No you can’t do that. Every customer has their own version of the database, so they will have different objects. The best way to do this is to create a new database for each customer. Of course you can delete an old database when you don’t need it anymore.

Hi…

The common practice we follow here is, we create a new database from Navision using the SQL Option. Then we restore the Navision Backup which we get from our client.

Every time we get a new Navision Backup, we create a new DB in SQL using the SQL Optioin for Navision and then we restore the DB. This creates two different databases of a Customer on the same server for two different Backups.

From Navision, can’t we restore the backup of a Customer on an already existing DB? Here the company name would remain the same. We want to have ONE database per customer and then, without deleting the databases everytime, want to restore the latest backup of that customer in to the database.

Hi Vikram,

What you are trying to do is the equivilent in Native database of resorting Company only. In your environment, there are two reasons not to do this.

  1. The object are a minor part of the database size, so it wont add much to the database restore time and wont affect size.
  2. There is the danger of you getting the objects out of sync, so really you want to import the objects everytime anyway.

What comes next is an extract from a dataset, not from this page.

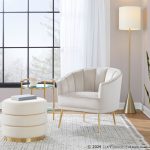 Cone 64 Contemporary Gold Metal and Linen Floor Lamp 9 Cone 64 Contemporary Gold Metal and Linen Floor Lamp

What you should do, is simply delte the existing datbaase form the SQL server, then restore the new backup using the same Database name as the one you deleted.

Hi David,

Thank you for your reply.

We’re following the same procedure as you have mentioned. I was just curious to know whether there was some way using which we can just update the changes in the database ( like objects and the data added in time ) from the last time we restored the database for a customer.

Any such procudure if it existed would have been of great help as it would have save a lot of time during restoring subsequent backups.

You also need a new faster server, that will speed up the restores.

There is NO difference in the time that it takes whether you restore into a new database or into an existing one.

Your initial question was I thought about two different customers. Now it seems you are talking about a new version of the same customer. You can obviously do this, but it would involve deleting the old company, importing the latest objects and then restoring the backup. It would actually be quicker to simply delete the ‘old version’ and create a new one than to update the existing one.

SQL Server does provide the option to restore differential backups. Perhaps this is what you are looking for? I don’t know of anyone doing this for your purposes, though. You would had all of the differential backups between the time you restored your database (originally) and the time you decided to start working with the customer again.

I wonder what happens (or more likely, doesn’t happen) when you try to restore a differential backup but you are missing an intermediate differential backup.

Any thoughts Daniel?

A differential backup includes all changes since the last full backup. So losing an intermediate differential is a non-issue.

Lets say you do a full backup each night at midnight and then a differential every 3 hours (3 AM, 6 AM, 9 AM, 12 PM, 3 PM, 6 PM, 9 PM). The system fails at 9:15 PM. All you need restore is the 12 Midnight full backup and then the 9 PM differential backup. This recovers you to 9 PM. If you have transaction logs past that you can recover further.

However differential restores (or anything SQL except full) will only work if changes have not been made to the destination database

not disputing babrown, replying to Girish.

You’re not understanding how differential backups work, they don’t work like transaction log backups. Differential backups is a backup of all transactions since the last full backup. If you did a full back two days ago, and you did a diff backup yesterday, you’d get everything from two days ago until yesterday. You do another diff backup today, you get everything from two days ago until today. So the second differential includes the transactions that are in the first differential backup. You don’t use all differential backups to restore a database, only the most recent one. The way to restore a database is 1-the most recent full backup, 2-the most recent differential backup since that full backup, and 3-all transaction log backups since the most recent differential backup.

The easiest way to recreate a database, especially if it’s just for development purposes, is to just delete the old one, and restore a full backup into a new one.